Required work:
Your answer should consist only of the lines below from the one with "-中国铁道博物馆(正阳门馆)" through the one with "Einfach mal zu", copied exactly.

Excerpted data:
********************
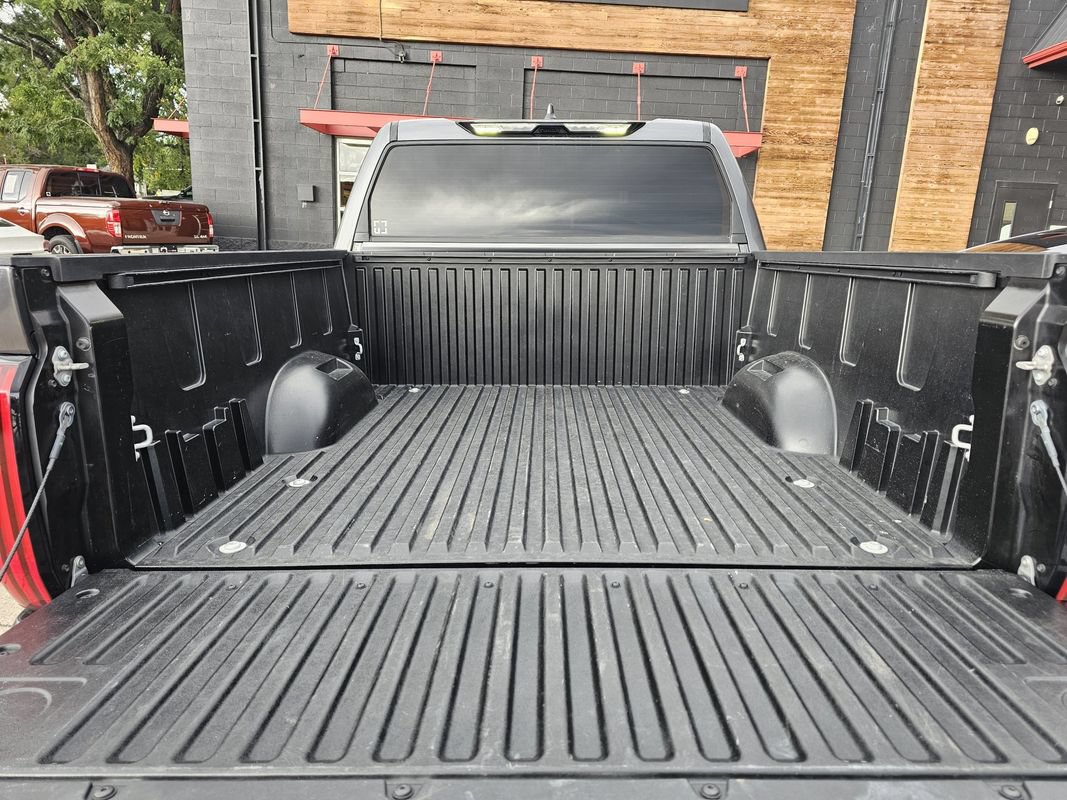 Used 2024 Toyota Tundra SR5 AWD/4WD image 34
********************
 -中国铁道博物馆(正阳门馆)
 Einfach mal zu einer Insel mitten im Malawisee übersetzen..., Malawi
********************
Expected answer:
 -中国铁道博物馆(正阳门馆)
 Einfach mal zu einer Insel mitten im Malawisee übersetzen..., Malawi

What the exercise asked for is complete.